### Data shown
§
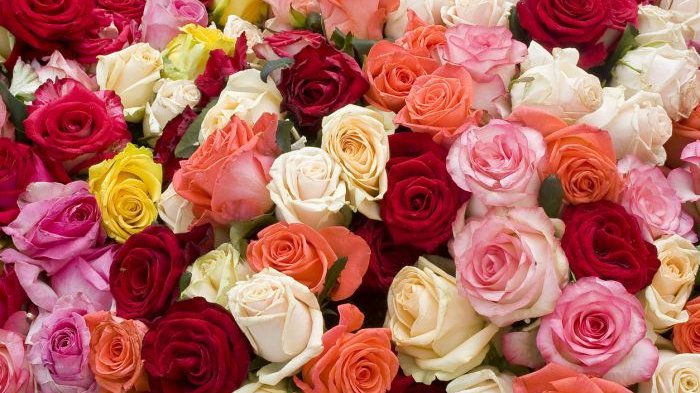 Punya Arti Beda-beda, Ini Makna Bunga Mawar Dilihat dari Warnanya ...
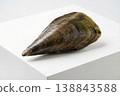 Fresh Pen Shell on White Pedestal Minimal Studio Composition 138843588
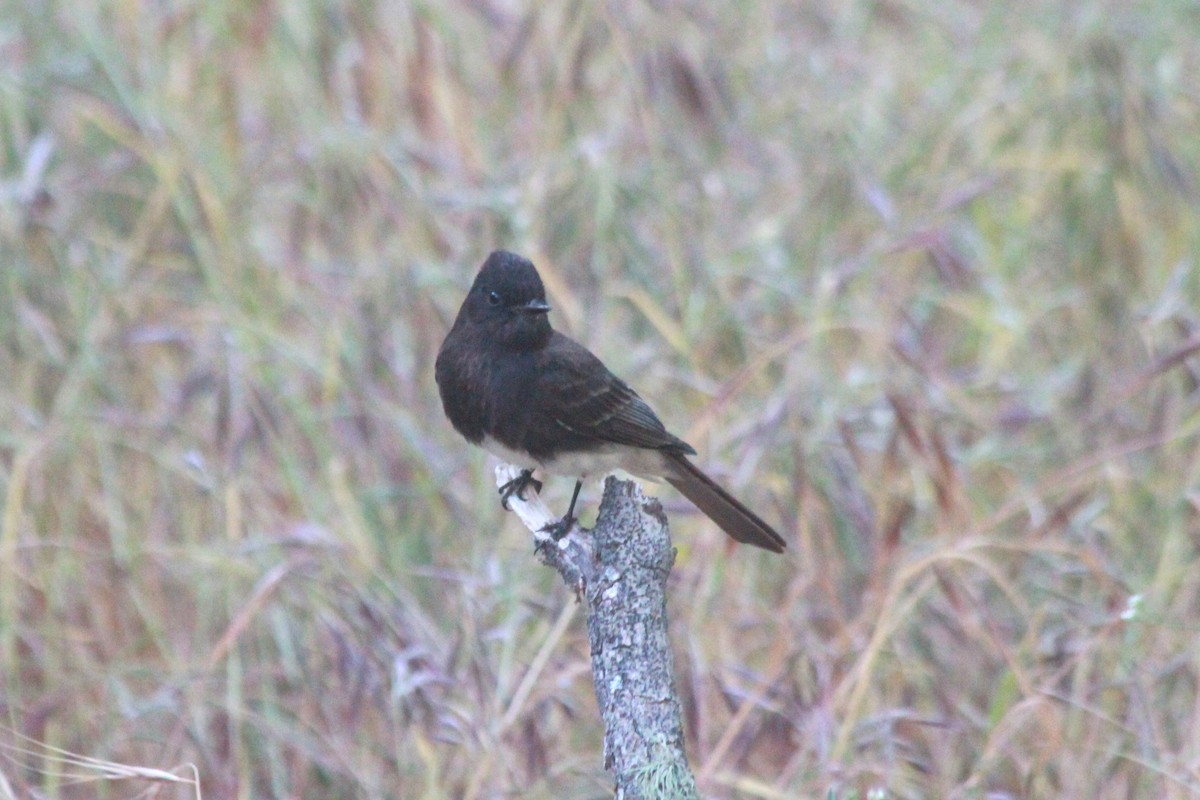 Junco ardoisé - ML620883054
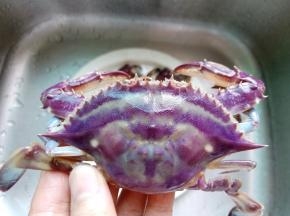 螃蟹用干净的牙刷把它的正反面都刷干净。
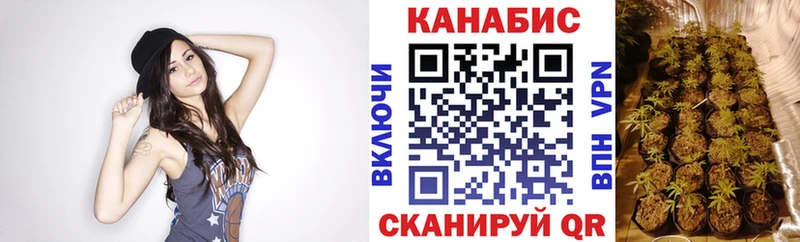 Бошки марихуана конопля  купить наркоту  Минусинск 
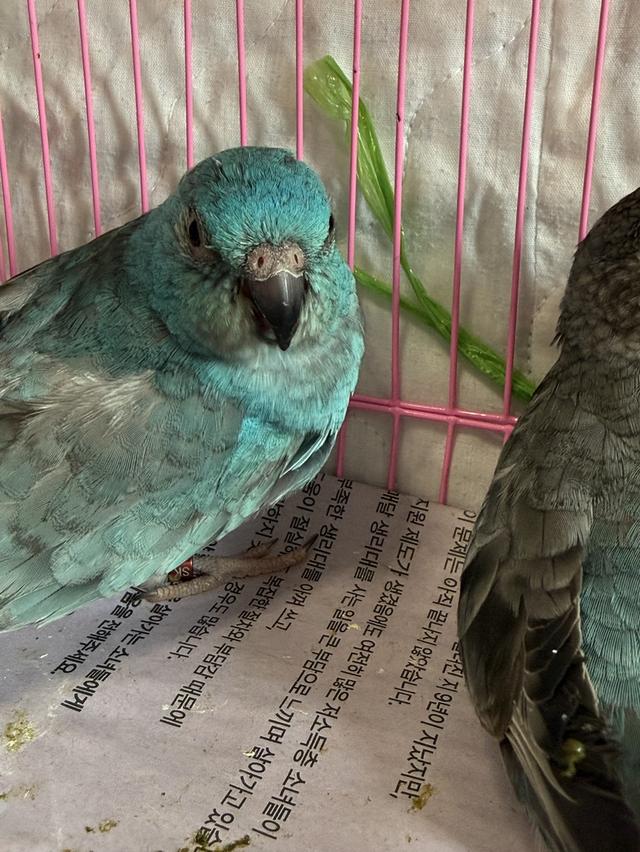 นกแก้วหญ้า กลาสพาราคีท Grass Parakeets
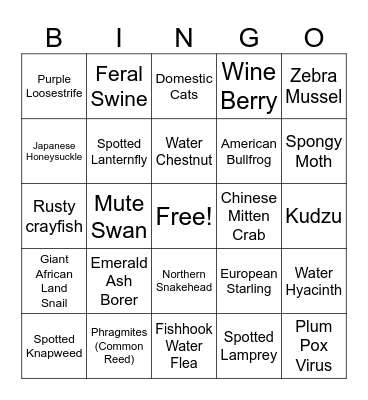 Invasive Species BINGO Card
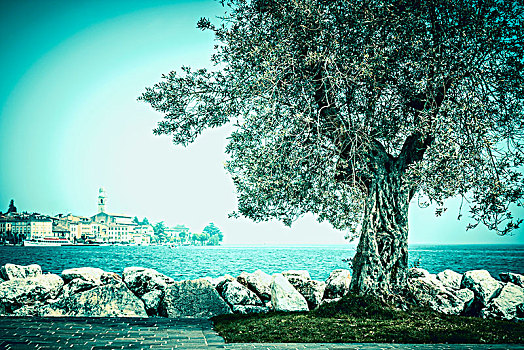 橄榄树,湖岸,湖,意大利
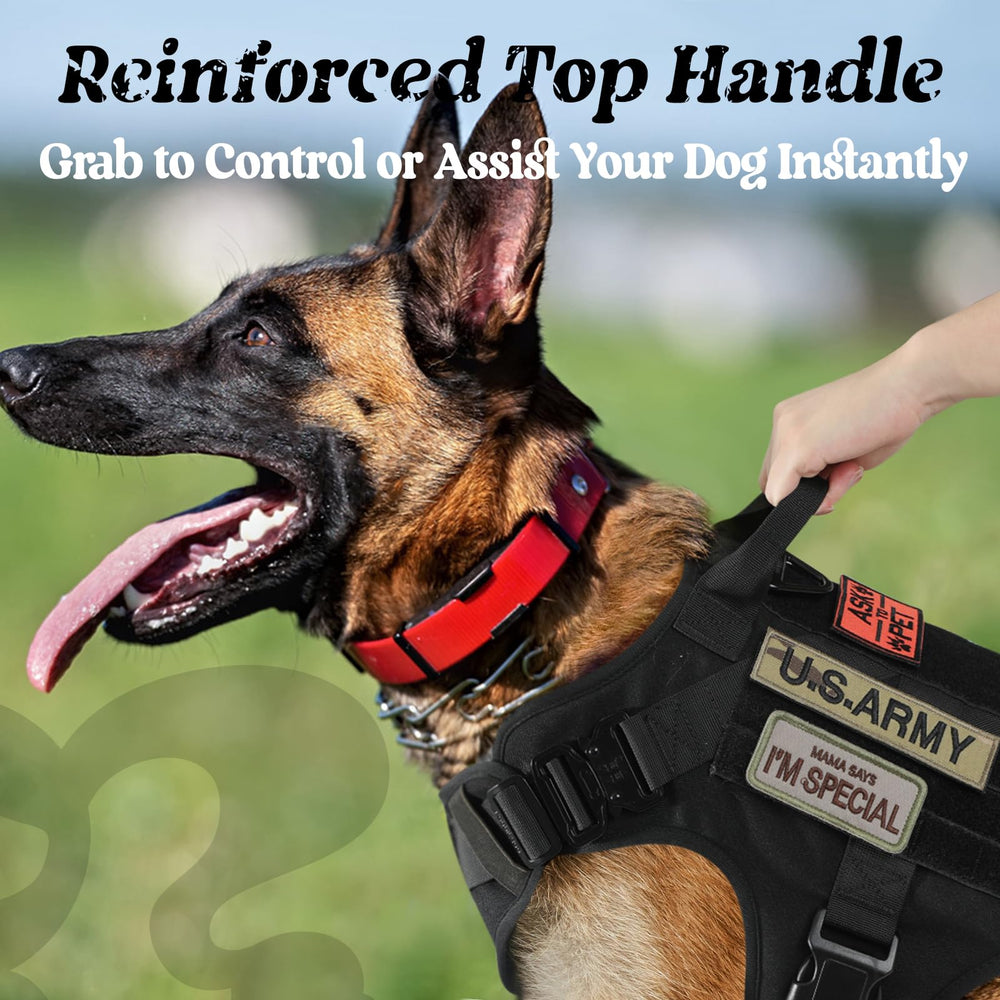Rabbitgoo Tactical Harness belly area close-up demonstrates secure belly strap and fit.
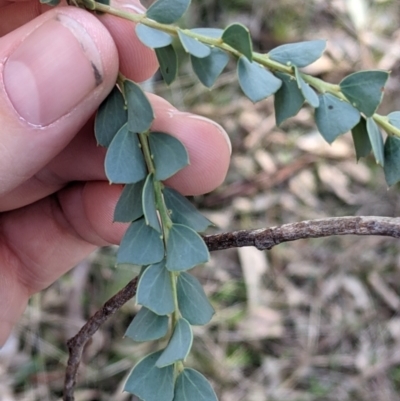 Acacia pravissima (Wedge-leaved Wattle, Ovens Wattle) at Table Top, NSW - 27 Jul 2021 by Darcy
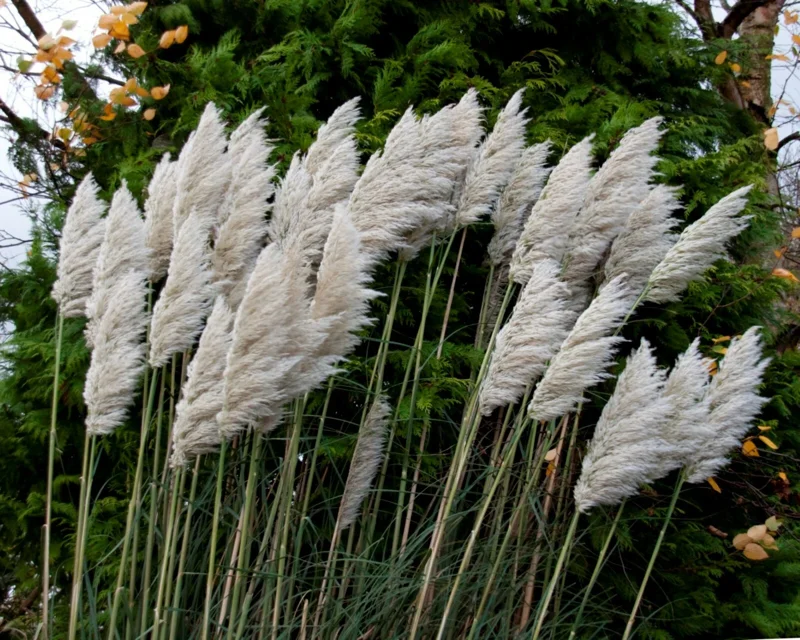 Ivory Pampas Grass Seeds - 25g Tall Plume Grass for Wedding & Home Decor - Image 5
§
### Exercise
Reproduce exactly, without any picture, the lines from the one bearing "นกแก้วหญ้า กลาสพาราคีท Grass Parakeets" to the last line of the records above.

### Solution to the exercise
 นกแก้วหญ้า กลาสพาราคีท Grass Parakeets
 Invasive Species BINGO Card
 橄榄树,湖岸,湖,意大利
Rabbitgoo Tactical Harness belly area close-up demonstrates secure belly strap and fit.
 Acacia pravissima (Wedge-leaved Wattle, Ovens Wattle) at Table Top, NSW - 27 Jul 2021 by Darcy
 Ivory Pampas Grass Seeds - 25g Tall Plume Grass for Wedding & Home Decor - Image 5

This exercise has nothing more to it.